BEGIN RECORDS FOR THE TASK
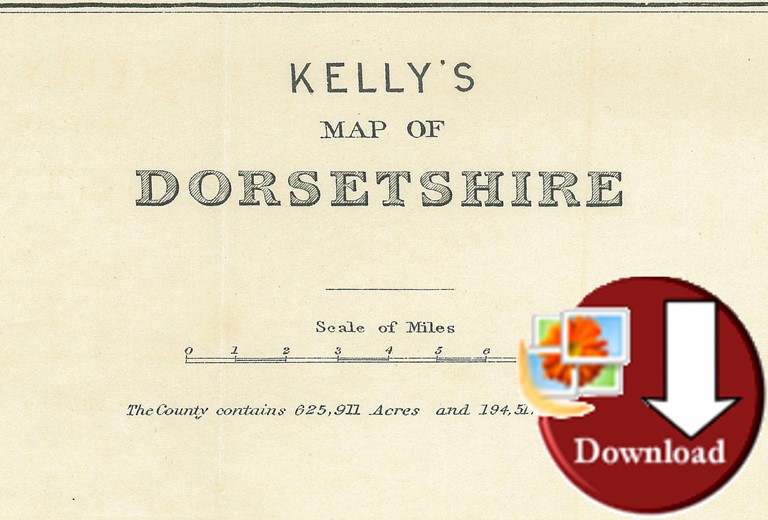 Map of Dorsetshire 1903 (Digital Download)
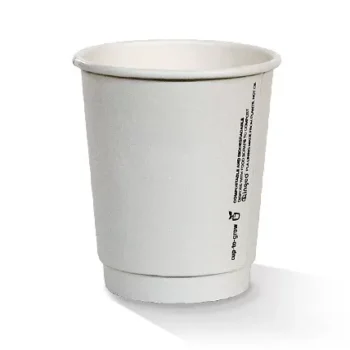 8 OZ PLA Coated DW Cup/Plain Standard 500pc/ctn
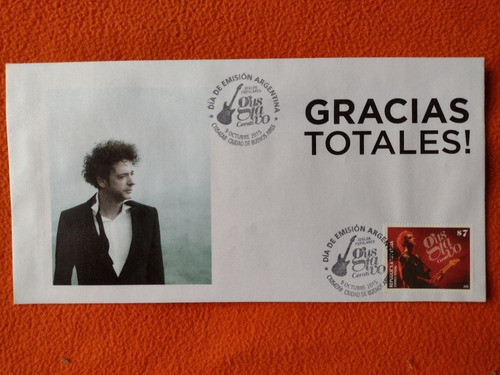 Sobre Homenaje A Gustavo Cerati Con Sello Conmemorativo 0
END RECORDS FOR THE TASK
BEGIN RECORDS FOR THE TASK
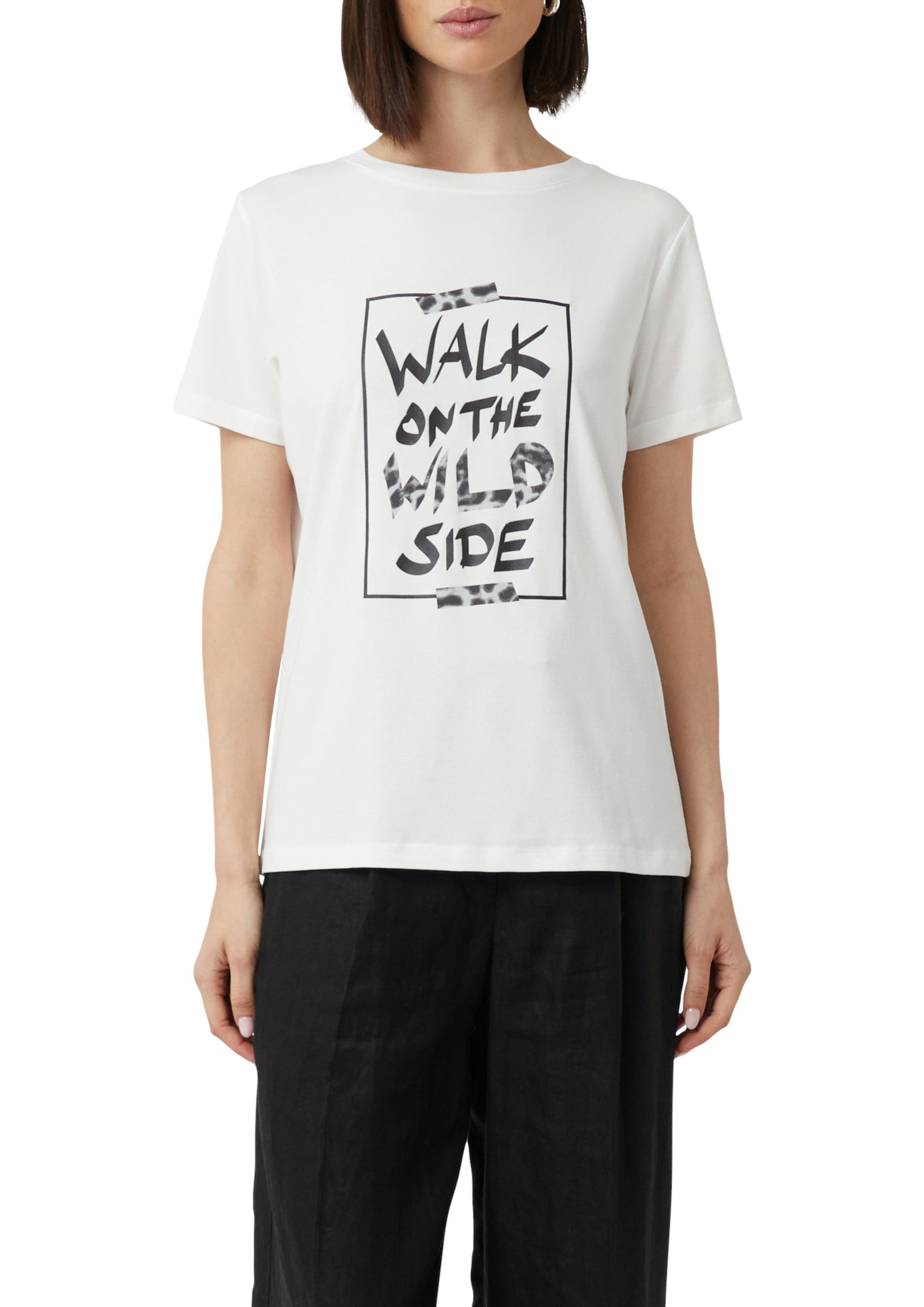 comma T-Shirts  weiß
END RECORDS FOR THE TASK
* _WHAT YOU SHOULD DO_: Output exactly the lines above, beginning at the one with "8 OZ PLA Coated" and stopping after the one with "Sobre Homenaje A". Pictures are to be omitted.

* _WRITTEN SOLUTION_:
 8 OZ PLA Coated DW Cup/Plain Standard 500pc/ctn
 Sobre Homenaje A Gustavo Cerati Con Sello Conmemorativo 0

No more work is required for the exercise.